Return the data exactly, with all pictures removed.

[Records contained in a dataset]

+ + + + +

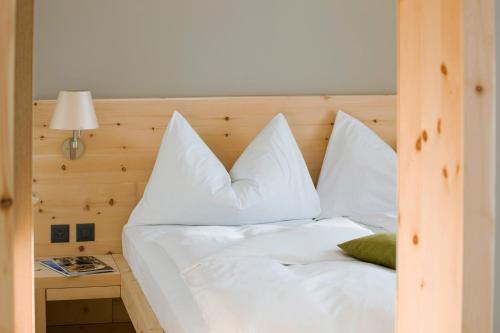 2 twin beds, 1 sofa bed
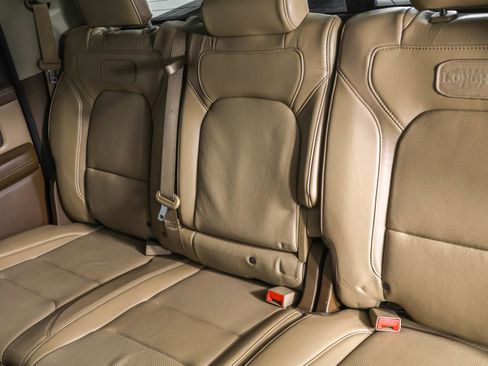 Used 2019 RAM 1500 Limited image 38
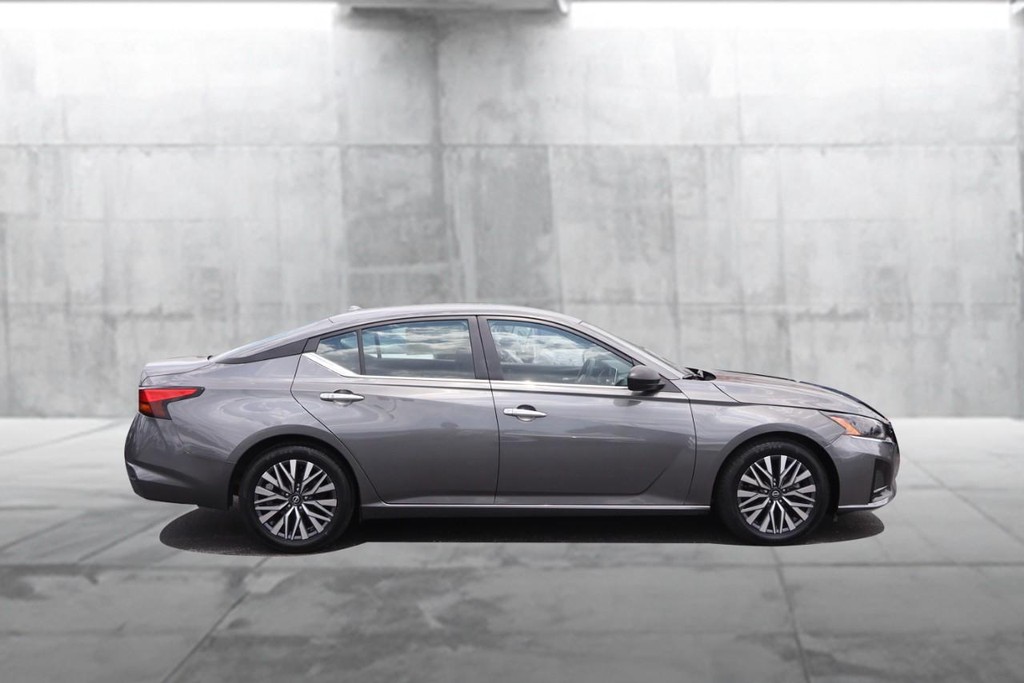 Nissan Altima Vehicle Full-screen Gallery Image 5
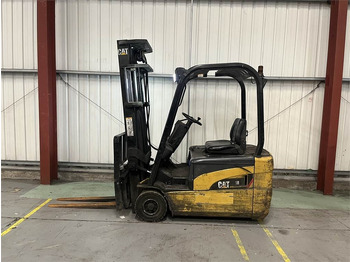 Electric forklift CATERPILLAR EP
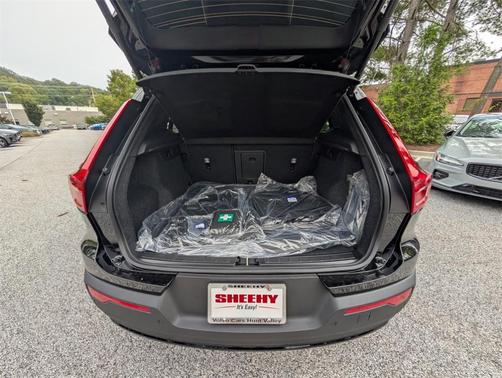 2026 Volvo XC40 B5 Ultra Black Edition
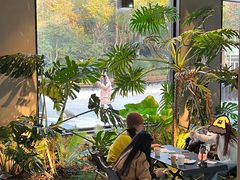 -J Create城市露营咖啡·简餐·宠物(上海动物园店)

+ + + + +

Written solution:
 2 twin beds, 1 sofa bed
 Used 2019 RAM 1500 Limited image 38
 Nissan Altima Vehicle Full-screen Gallery Image 5
 Electric forklift CATERPILLAR EP
 2026 Volvo XC40 B5 Ultra Black Edition
 -J Create城市露营咖啡·简餐·宠物(上海动物园店)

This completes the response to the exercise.